I will have to see what I have left after winter

Thanks for the replys


----------



## shughes (Jan 17, 2007)

my best queens came from Jack Tapp this year. my mite counts for his Minnesota Hygenic queens were lowest of all my hives. Jack typically waits until April before selling his queens to the public. 

I did not see his name on the us bees link so posting below:

Busy Bee Apiaries
Jack Tapp
1201 New Hope Ch. Rd.
Chapel Hill, NC 27516
ORANGE County
Phone: (919)942-2006


----------



## Fred Bee (May 5, 2007)

Honey Run Apiaries has great NWC Queens, but Tim may be booked into May already.

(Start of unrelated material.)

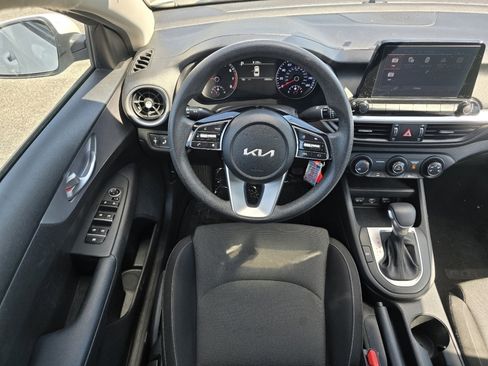 Used 2023 Kia Forte LXS w/ LXS Technology Package FWD image 20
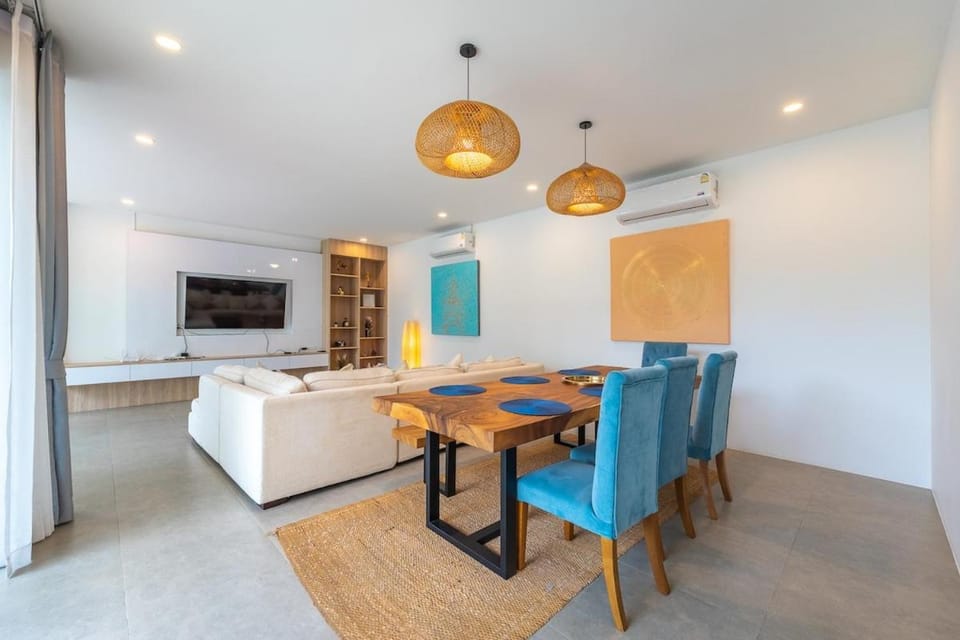 V212 One Of The Most Beautiful Villa In Phuket Villa in Thep Krasatti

http://www.honeyrunapiaries.com/queens.phtml

I have also used Wilbanks for Italian Queens with good success. They are located in Claxton, Georgia (912) 739-4820.

I have been told that Rossman has good queens, out of south Georgia as well...

http://www.gabees.com/pkg_bees.htm

Hope you find what you are looking for!


----------



## spunky (Nov 14, 2006)

*queens*

Does anyone know where Walter T. Kelly gets his Russian queens he advertises with his packages ??? I am sure they are Russian/Italian mutts.

Again thanks for the replys


----------



## dug_6238 (May 9, 2007)

*Walter T. Kelley*

>Walter T. Kelley > Possibly Hardeman...(I think I've heard this.)

It might be nice if someone on here could confirm or deny this - I am not real happy with some of the stuff I got from Hardemans. And yooy - the mites on them this fall - WOW.

-dp

ADDED: I went back and found this link: http://www.beesource.com/forums/showpost.php?p=232479&postcount=20


----------